PROVIDED ENTRIES:
■ ■ ■ ■ ■ ■ ■
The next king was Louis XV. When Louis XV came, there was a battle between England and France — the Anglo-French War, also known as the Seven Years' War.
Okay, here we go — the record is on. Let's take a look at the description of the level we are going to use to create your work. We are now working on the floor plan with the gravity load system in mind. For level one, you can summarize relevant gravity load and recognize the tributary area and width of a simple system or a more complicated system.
■ ■ ■ ■ ■ ■ ■
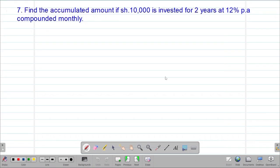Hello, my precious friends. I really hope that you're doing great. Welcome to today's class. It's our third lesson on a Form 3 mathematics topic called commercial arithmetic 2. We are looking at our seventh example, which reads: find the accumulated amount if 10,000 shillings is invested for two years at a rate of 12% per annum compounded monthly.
■ ■ ■ ■ ■ ■ ■
EXERCISE REQUIREMENTS: Look above for the line with "The next king" and the line with "Okay, here we", and reproduce exactly those two lines plus every line between, nothing more.

TASK ANSWER:
The next king was Louis XV. When Louis XV came, there was a battle between England and France — the Anglo-French War, also known as the Seven Years' War.
Okay, here we go — the record is on. Let's take a look at the description of the level we are going to use to create your work. We are now working on the floor plan with the gravity load system in mind. For level one, you can summarize relevant gravity load and recognize the tributary area and width of a simple system or a more complicated system.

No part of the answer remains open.